Dipl.-Rpfl. Joachim Volpert
a) Künftiges Arbeitseinkommen
aa) Unterhalts- und Rentenansprüche
Rz. 48
Wird künftig fällig werdendes Arbeitseinkommen oder werden künftig fällig werdende laufende Sozialleistungen in der Form von Geldleistungen wegen fälliger und künftig noch fällig werdender Unterhaltsansprüche oder wegen Rentenansprüchen infolge Verletzung des Körpers oder der Gesundheit gepfändet (sog. Vorratspfändung gemäß § 850d Abs. 3 ZPO), so sind bei der Ermittlung des Werts der zu vollstreckenden Forderung die fälligen Ansprüche zu berücksichtigen (Nr. 1, 1. Hs., § 51 Abs. 2 S. 1 FamGKG, § 42 Abs. 3 GKG) und die noch nicht fälligen Ansprüche gemäß § 51 Abs. 1 FamGKG (Unterhalt) und § 9 ZPO (Körperverletzung, siehe auch Rdn 52) zu bewerten (Nr. 1, 3. Hs.), wobei der Maximalwert der Gesamtbetrag der geforderten Leistung ist (vgl. § 9 S. 2 ZPO).
Rz. 49
Maßgebend als Gegenstandswert ist nach Nr. 1, 1. Hs. grds. der Wert der Forderung, wegen der vollstreckt wird und nicht der Wert der Forderung, in die vollstreckt wird (siehe Rdn 6). Es sind daher nach Nr. 1, 3. Hs. die noch nicht fälligen künftigen Unterhalts- und Rentenansprüche und nicht das künftig fällig werdende Arbeitseinkommen zu bewerten. Nr. 1, 3. Hs. gilt nur für die Vorratspfändung nach § 850d Abs. 3 ZPO, nicht für den Pfändungsumfang bei fortlaufenden Bezügen nach § 832 ZPO.

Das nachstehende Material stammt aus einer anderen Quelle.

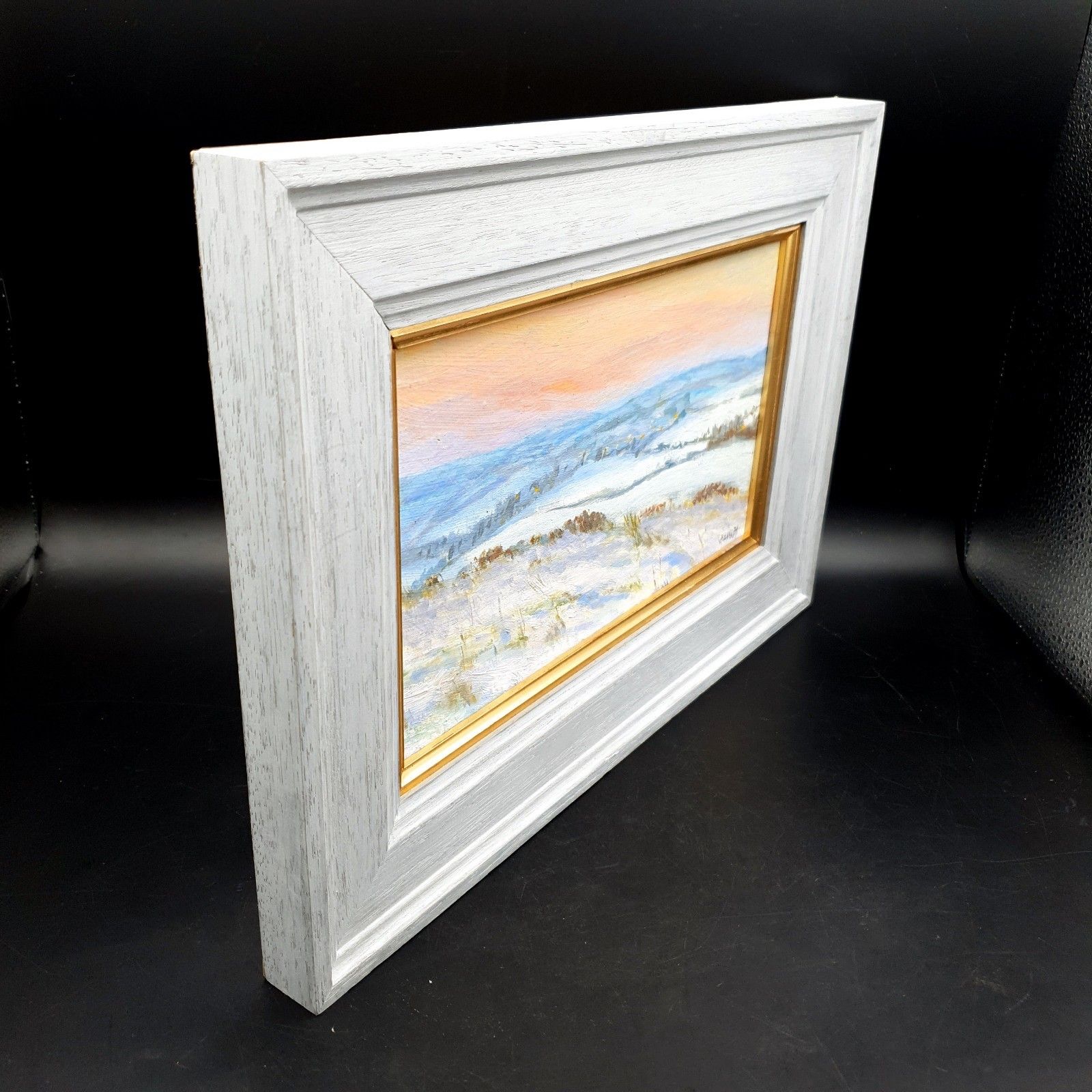 photo furniture Virginia Albutt Signed Oil On Board Sunset Over Magog Down L35.4xh24.8cm Framed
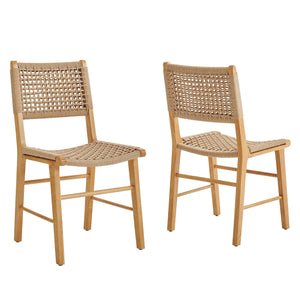 Modway Furniture Tindra Open Weave Rattan Dining Chairs Set of 2 with Solid Rubberwood Legs Natural EEI-7615-NAT
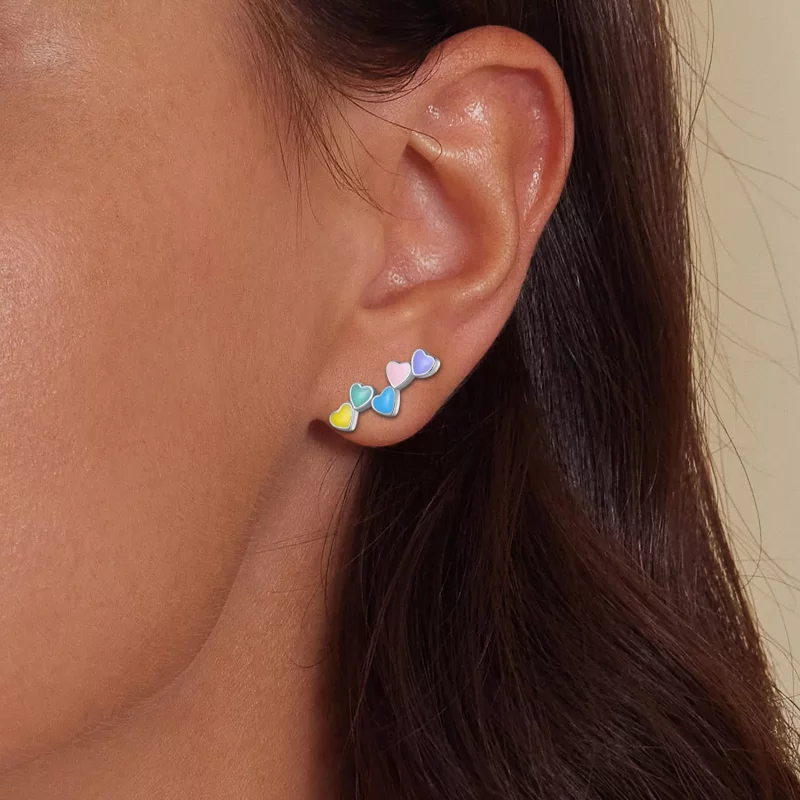 (imagen para) Estos aretes estilo Pandora Love Colorful Studs - SCE1638 - Ver 6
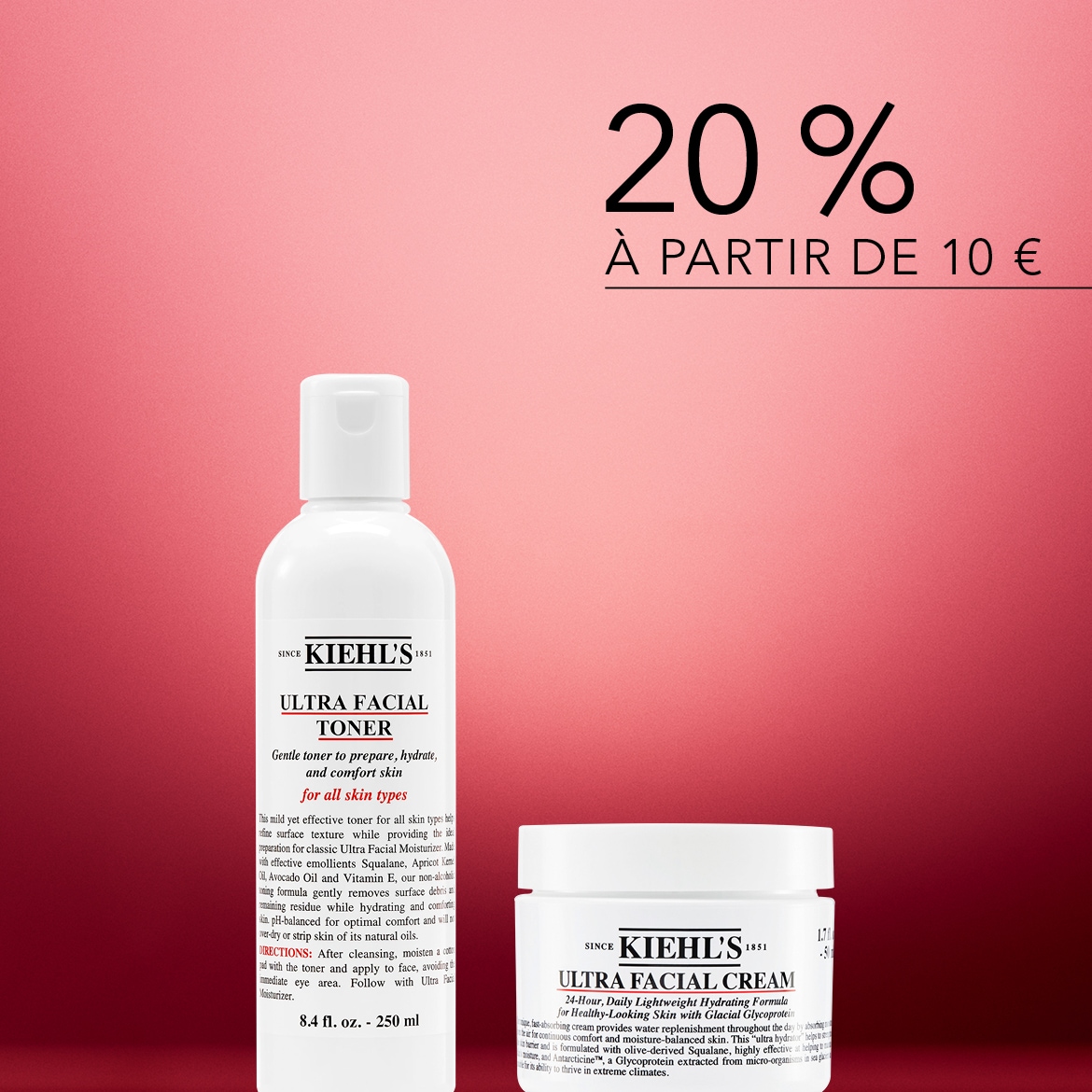 Découvrez le tonique et la crème Ultra Facial de Kiehl's, conçus pour hydrater et adoucir tous les types de peau, avec 20 % de réduction à partir de 10 €.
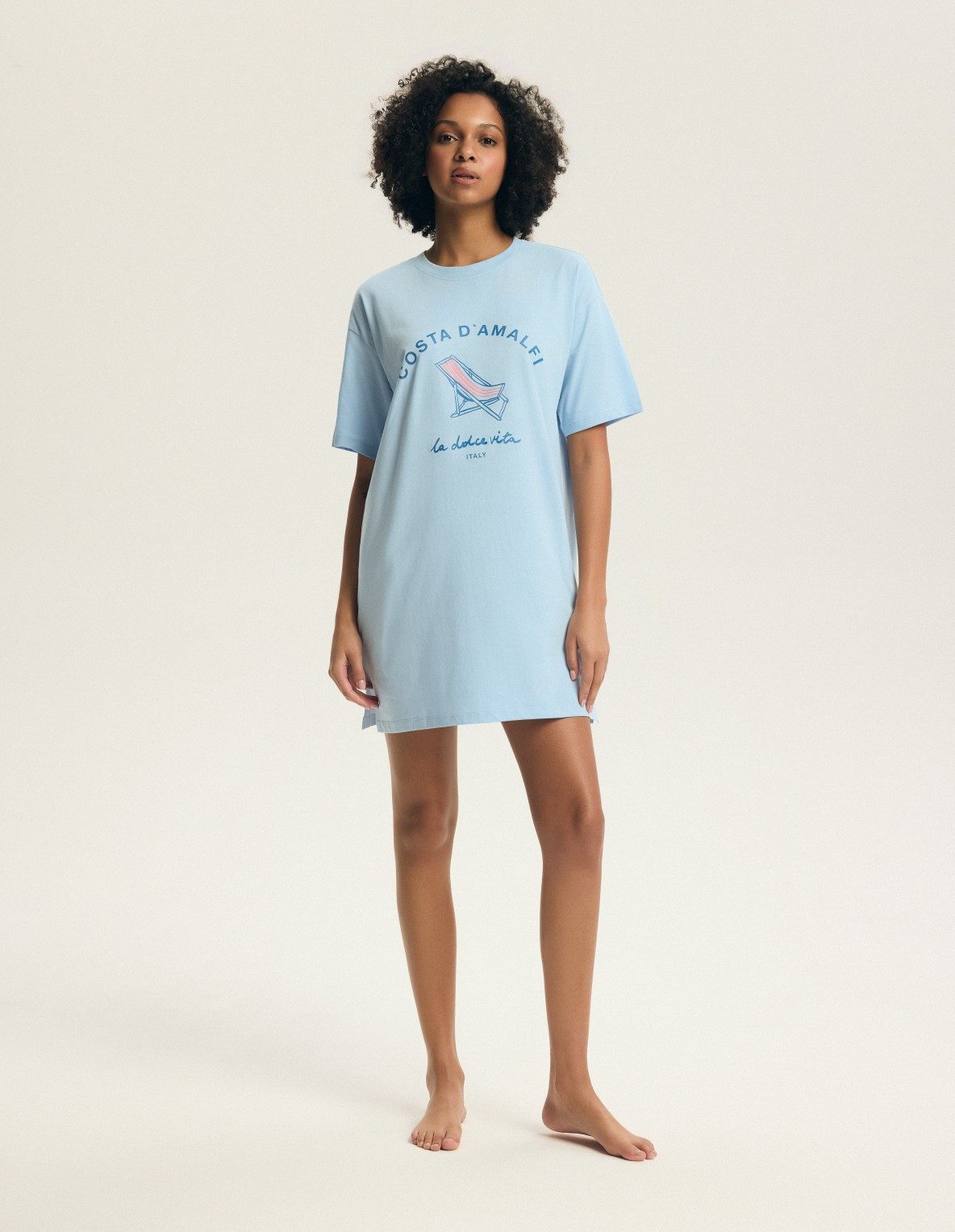 Henderson Nachthemd Nachthemd aus Baumwolle Kurzarm Print Rundhals hellblau Edris (1-tlg)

Beispiel: Pfändung des Arbeitseinkommens wegen einer Unterhaltsforderung in Höhe von 400 EUR monatlich seit dem 1.1.2020. Vollstreckungsauftrag wird am 3.7.2020 erteilt. Fällig sind zu diesem Zeitpunkt bereits 2.800 EUR (400 × 7).
Die zukünftig erst fällig werdenden Unterhaltsansprüche sind mit dem Wert gemäß § 51 Abs. 1 FamGKG (Jahreswert, also 400 × 12 = 4.800 EUR) anzusetzen. Der Gegenstandswert der zu vollstreckenden Forderung beträgt demnach 2.800 + 4.800 = 7.600 EUR.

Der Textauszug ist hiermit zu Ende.